First I would like to say, Sorry for your loss.
With that said, let's go through a few hurricane rules: (Unlike an earthquake, we know it's coming)
#1. A mandatory evacuation means just that...Get the hell out. Don't blame the Government after they tell you to go. If they hadn't said anything, I can see the argument. They said get out... if you didn't, it's your fault, not theirs. (I don't want to hear it, even if you don't have a car, you can get out.)
#2. If there is an emergency, stock up on water and non-perishables. If you didn't do this, it's not the Government's fault you're starving.
#2a. If you run out of food and water, find a
store that has some. (Remember, shoes, TV's, DVD's and CD's are not edible. Leave them alone.)
#2b. If the local store has been looted of food or water, leave your neighbor's TV and stereo alone. (See #2a) They worked hard to get their stuff. Just because they were smart enough to leave during a mandatory
evacuation, doesn't give you the right to take their stuff...it's theirs,
not yours.
#3. If someone comes in to help you, don't shoot at them and then complain no one is helping you. I'm not getting shot to help save some dumb ass who didn't leave when told to do so.

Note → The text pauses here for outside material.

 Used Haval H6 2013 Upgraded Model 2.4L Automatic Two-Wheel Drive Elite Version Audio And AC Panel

#4. If you are in your house that is completely
under water, your belongings are probably too far gone for anyone to want them. If someone
does want them, let them have them and hopefully they'll die in the filth. Just leave! (It's New Orleans, find a voodoo warrior and put a curse on them)

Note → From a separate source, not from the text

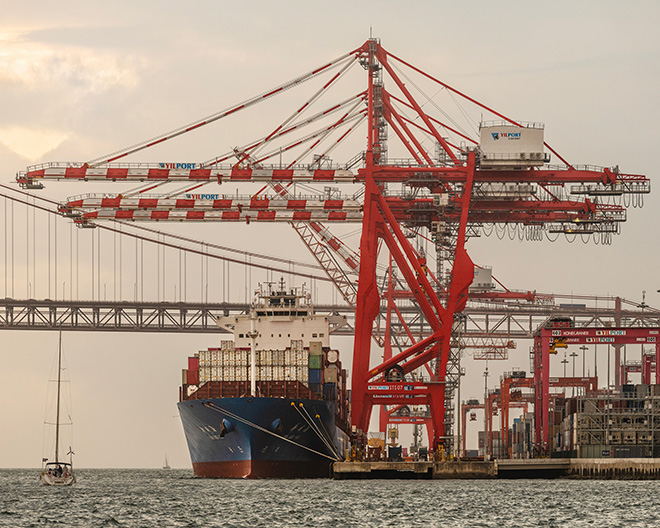 Cranes, Lisbon, Portugal © Anastasia Samoylova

#5. My tax money should not pay to rebuild a 2 million dollar house, a sports stadium or a floating casino. Also, my tax money shouldn't go to rebuild a city that is under sea level. You
wouldn't build your house on quicksand would you? You want to live below sea-level, do your country some good and join the Navy.
#6. Regardless of what the Poverty Pimps Jessie Jackson and Al Sharpton want you to believe, The US Government didn't create the hurricane as a way to eradicate the black people of New Orleans; (Neither did Russia as
a way to destroy America). The US Government didn't cause global warming
that caused the hurricane (We've been coming out of an ice age for over a million years).

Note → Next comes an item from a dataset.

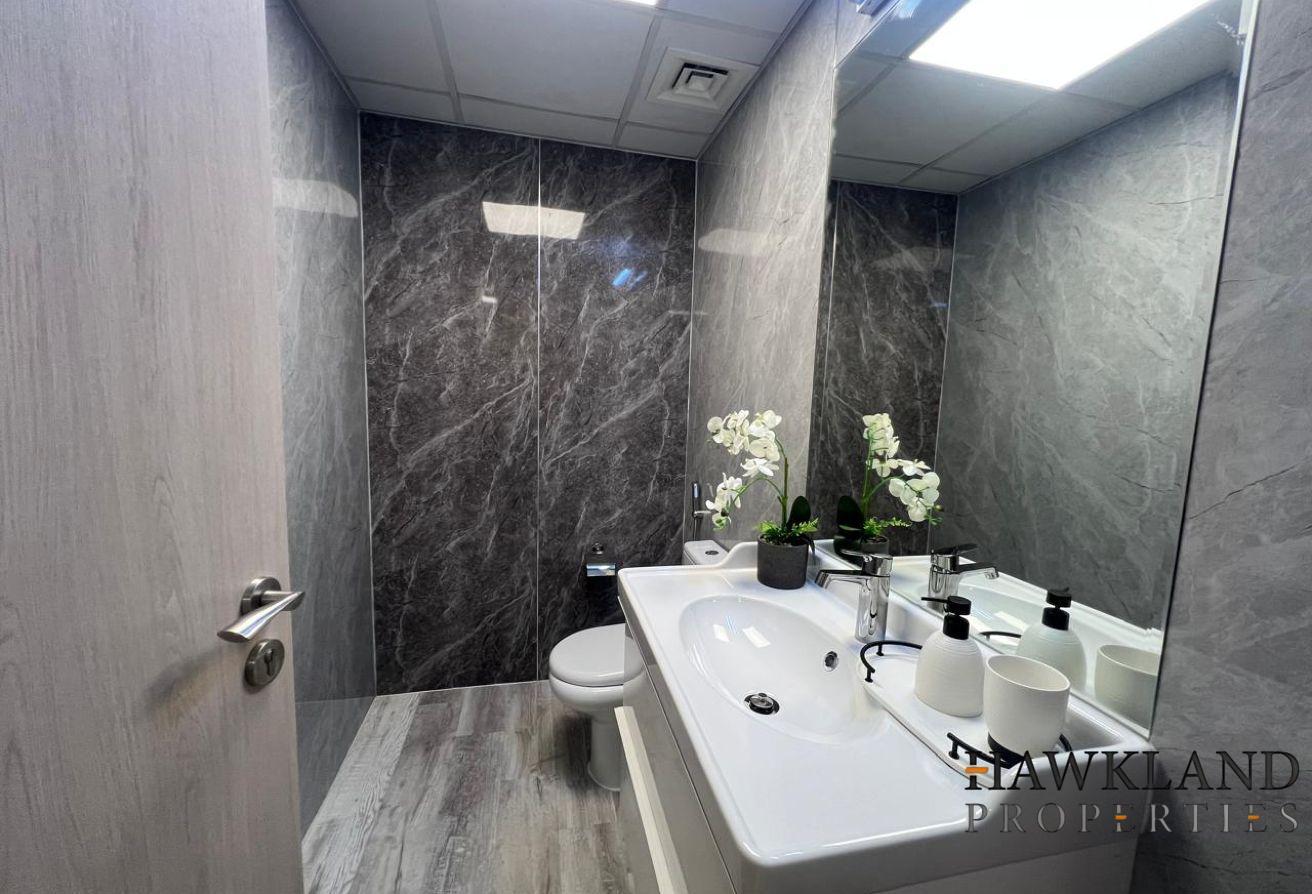 Spacious Furnished 1BR in Burj Noujoum Downtown photo 9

#7. The government isn't responsible for giving you anything. This is the land of the free and the home of the brave, but you gotta work for what you want. McDonalds and Wal-Mart are always hiring, get a damn job and stop spooning off the people who are actually
working for a living.
President Kennedy said it best..."Ask not what your country can do for you, ask what you can do for your country."
Thank you for allowing me to rant.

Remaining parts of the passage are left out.